Jill Harkavy-Friedman, PhD is the Senior Vice President of Research and leads the American Foundation for Suicide Prevention’s research program to advance the field of suicide prevention. AFSP's research program provides funding to research grants, offers workshops and training to researchers, and disseminates research findings to increase public awareness and support advocacy in mental health and suicide prevention. With over 35 years of experience as a clinician and a suicide prevention researcher, she is passionate about translating research into practice, publishing over 100 peer-reviewed articles and training clinicians around the nation. She assists with AFSP’s development of programs and messages that reflect best practices and current research. She works with other national and international research organizations to help set the suicide prevention research agenda and encourage innovative research.

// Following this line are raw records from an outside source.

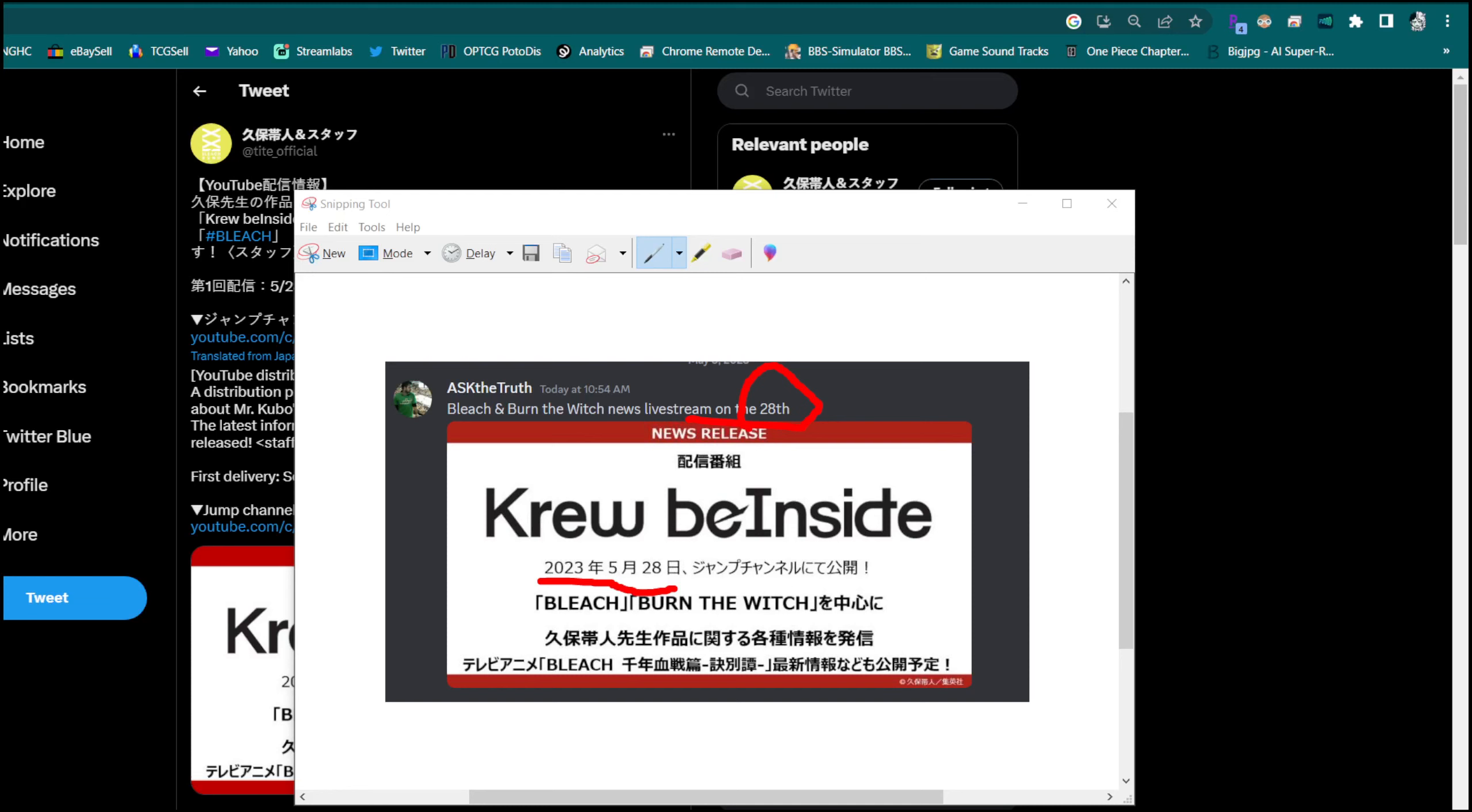Alright, what's going on guys, so I'm back again coming at you with a quick little video. It's not gonna be Bleach Brave Souls because, you know, once Klab comes out with something hype they immediately let the game die for a couple months until something else happens. But my boy the Nerd Era, aka Ask the Truth, DMs me - Bleach and Burn the Witch news livestream on the 28th, and that's gonna be taking place at the end of this month. That's gonna be for Burn the Witch and Bleach.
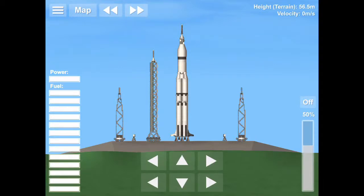20 seconds and counting. T-minus 15 seconds. Guidance is internal.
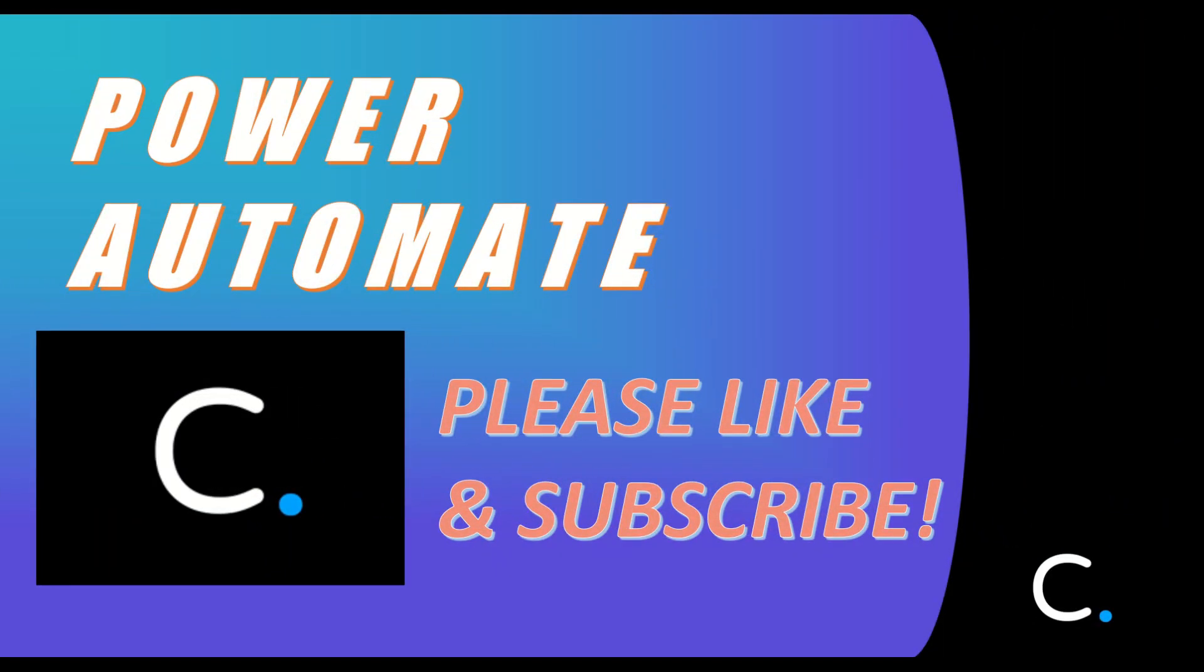With our demo complete, we've reached the end of this video. Thank you for watching and if you have any questions about this or any of our products, please feel free to contact a member of our support or sales teams. I'll include a link in the description below.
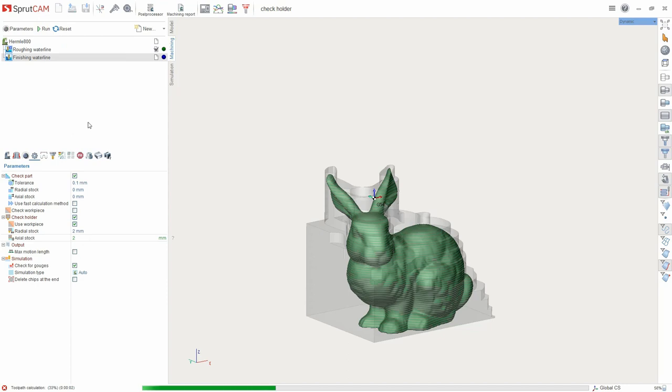If the tool holder is closer to the workpiece at a distance of less than specified, those sections of the path will be removed from the operation.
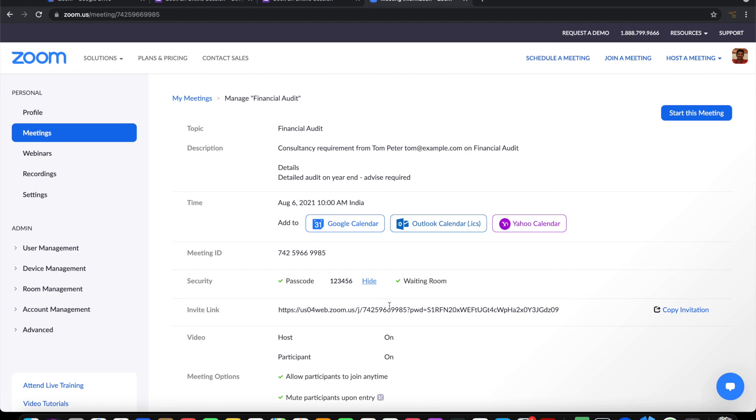This is how easy it is to use Form Director to create a Zoom meeting on submission of a Google form. Thank you for watching.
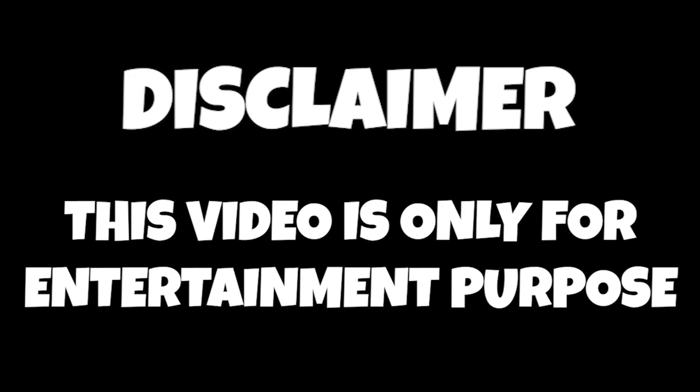This video is only for entertainment purpose. Don't take anything seriously.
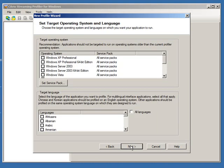This is important: when you are profiling an application — whether it's application streaming with Citrix, application virtualization with App-V from Microsoft, or ThinApp with VMware — you always have to make sure you are profiling the application for the operating system it's eventually going to run on, not the operating system you're currently on.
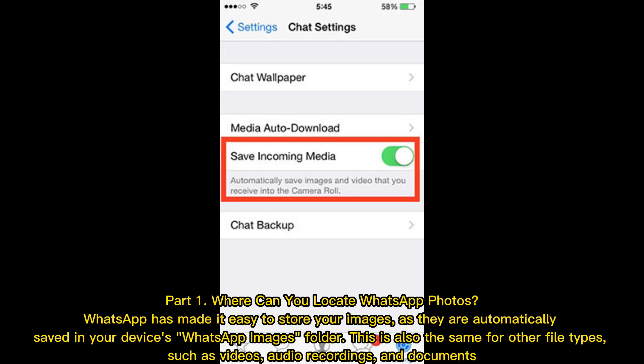Part 1: Where can you locate WhatsApp photos? WhatsApp has made it easy to store your images as they are automatically saved in your device's WhatsApp images folder. This is also the same for other file types, such as videos, audio recordings, and documents.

Dr. Harkavy-Friedman earned her B.A. in Psychology at the University of Pennsylvania and her PhD. in Clinical Psychology at the University of Florida. She completed her internship at Yale-New Haven Hospital. In 1984, she joined Montefiore Medical Center/Albert Einstein College of Medicine, establishing the Adolescent Depression and Suicide Program. In 1989, she moved to Columbia University/New York State Psychiatric Institute where she is an associate professor in the department of psychiatry.  She joined the staff AFSP in 2011. She maintains a clinical practice in Manhattan.